WORK ITEM: All of the data must be retyped exactly, with nothing left out.

COLLECTED MATERIAL:
--

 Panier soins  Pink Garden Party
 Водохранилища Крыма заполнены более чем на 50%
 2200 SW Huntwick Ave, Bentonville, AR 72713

--

SOLUTION:
 Panier soins  Pink Garden Party
 Водохранилища Крыма заполнены более чем на 50%
 2200 SW Huntwick Ave, Bentonville, AR 72713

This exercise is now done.